Voor zover wij nu weten, zijn er in andere landen ook nog maar weinig gevallen van BIA-ACLC geweest. De Amerikaanse Food and Drug Administration (FDA) registreerde bijvoorbeeld op 733 januari 05 wereldwijd 2020 casusrapporten van BIA-ACLC.

Borstimplantaat-geassocieerd lymfoom, vroeg ontdekt en goed behandeld, lijkt een goede prognose te hebben.

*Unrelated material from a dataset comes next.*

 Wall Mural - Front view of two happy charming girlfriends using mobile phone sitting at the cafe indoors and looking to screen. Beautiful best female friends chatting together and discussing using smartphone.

Waar moet ik op letten bij borstimplantaten?

Tijdens de eerste paar dagen nadat uw borstimplantaten zijn geplaatst, is het normaal dat uw borst licht gezwollen en pijnlijk is. Indien nodig zal uw arts een pijnstillend medicijn voorschrijven.

Vermijd oefeningen of activiteiten waarbij u uw armen boven schouderhoogte moet heffen gedurende de eerste vier weken nadat uw borstimplantaten zijn geplaatst.

De arts zal het wikkelverband dat na de operatie is aangebracht, vanaf de tweede dag na de operatie vervangen door een steunbeha met compressieband. U moet de compressieband zes weken dragen en de steunbeha doorgaans drie maanden.

Binnen de eerste vier weken na de operatie zal uw arts nogmaals met een echo controleren of zich bloed of wondwater heeft opgehoopt in het wondgebied. Indien nodig moeten deze ophopingen worden afgezogen of zelfs bij een nieuwe operatie worden verwijderd.

Wanneer is het nodig om borstimplantaten te vervangen?

Het verwijderen of vervangen van borstimplantaten is vooral in de volgende situaties noodzakelijk:

  • Implantaatruptuur of wegglijden van het implantaat
  • @ Kapsulaire fibrose
  • Problemen met zacht weefsel

Bij sommige vrouwen worden borstimplantaten vervangen omdat ze ontevreden zijn over het resultaat en bijvoorbeeld een andere maat of vorm willen.